Types of Malnutrition

Malnutrition manifests in multiple forms depending on the nature, severity, and duration of nutritional imbalance. Broadly, it can be classified into the following categories:

1. Stunting (Low height-for-age)

  • Definition: Reflects chronic undernutrition, resulting from prolonged periods of inadequate nutrition and frequent infections.

  • Key features:

    • Children appear too short for their age.

    • Often begins in the prenatal stage due to poor maternal health and continues into early childhood.

  • Implications:

    • Irreversible physical and cognitive damage if not addressed within the first 1,000 days of life (conception to 2 years).

    • Associated with lower school achievement, reduced economic productivity, and increased risk of chronic diseases in adulthood.

2. Wasting (Low weight-for-height)

  • Definition: Represents acute undernutrition, usually resulting from sudden food shortage or disease.

  • Key features:

    • Children appear extremely thin for their height.

    • May occur seasonally during food insecurity or after illness.

  • Implications:

    • Strongly associated with increased risk of mortality, especially among under-five children.

    • Requires urgent interventions through therapeutic feeding and medical support.

3. Underweight (Low weight-for-age)

  • Definition: A composite indicator capturing elements of both stunting and wasting.

  • Key features:

    • Child appears smaller and lighter compared to age-mates.

    • Often used in large-scale surveys to measure child malnutrition.

  • Implications:

    • While useful as a summary indicator, it cannot distinguish between chronic and acute malnutrition.

    • Associated with poor immunity and higher vulnerability to disease.

4. Micronutrient Deficiencies (Hidden Hunger)

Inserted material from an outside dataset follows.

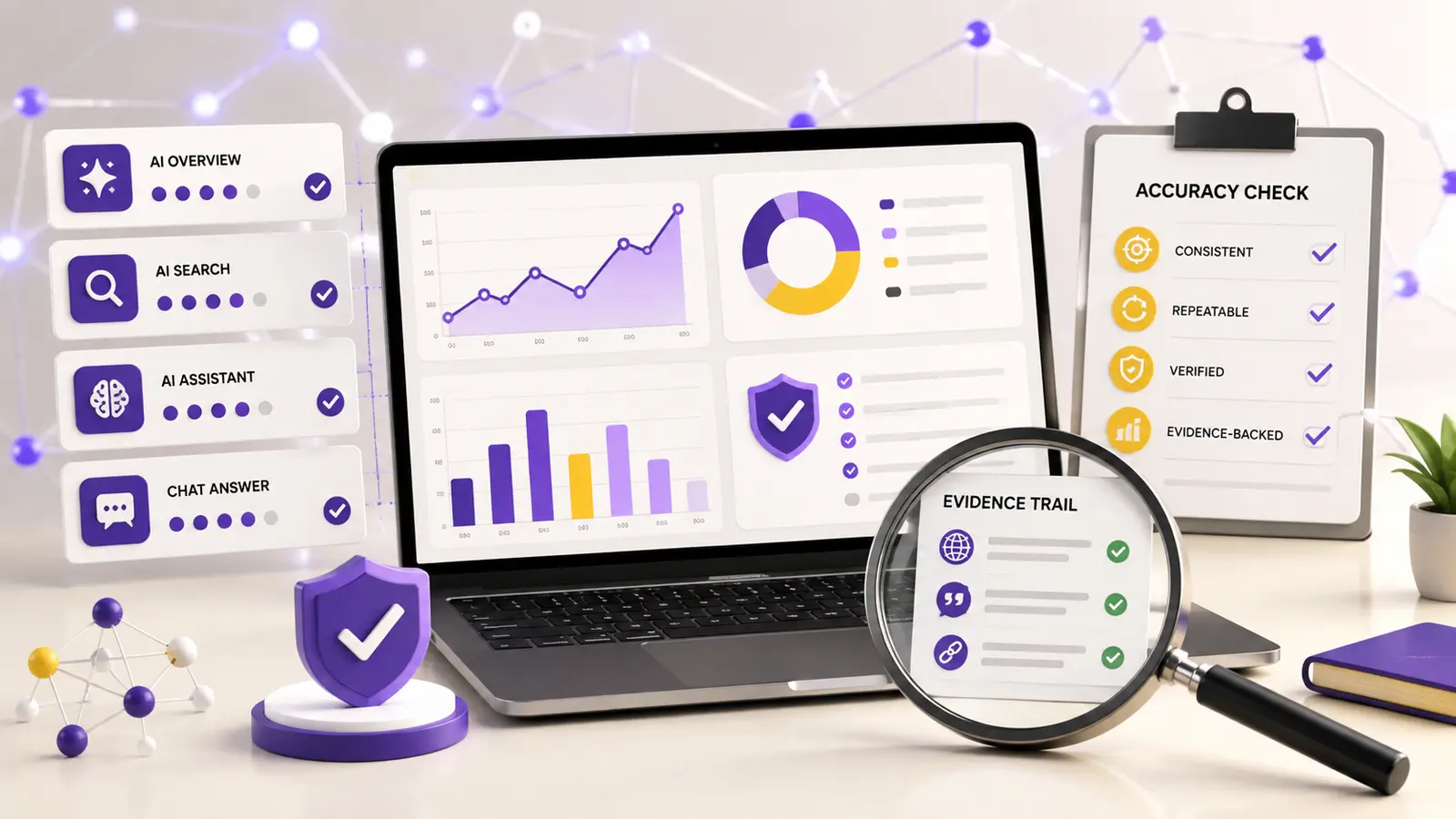 How to evaluate AI visibility tool accuracy using evidence and repeatable checks
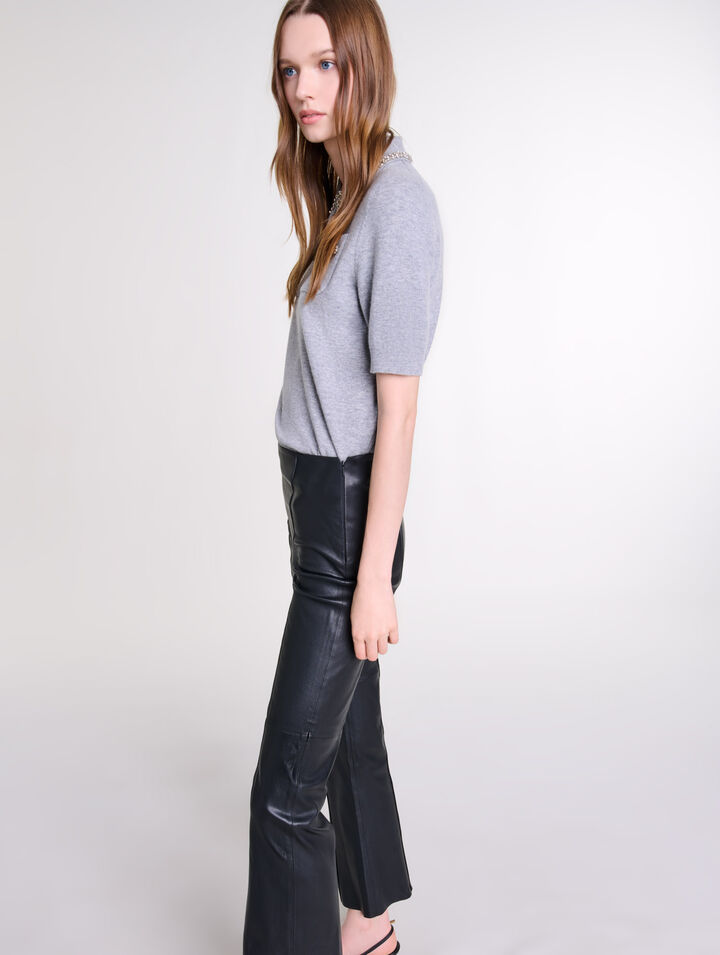 Pantaloni in pelle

  • Definition: Lack of essential vitamins and minerals required in small quantities for growth, immunity, and metabolism.

  • Examples:

    • Anaemia (Iron deficiency): Leads to fatigue, poor concentration, and maternal mortality risks.

    • Vitamin A deficiency: Impairs vision, increases vulnerability to infections.

    • Iodine deficiency: Causes goitre, cognitive impairment, and developmental delays.

    • Zinc deficiency: Contributes to stunting and impaired immunity.

  • Implications:

    • Often invisible but widespread, affecting productivity and health.

    • National programmes like Iron and Folic Acid supplementation, Universal Salt Iodisation, and Vitamin A supplementation target these deficiencies.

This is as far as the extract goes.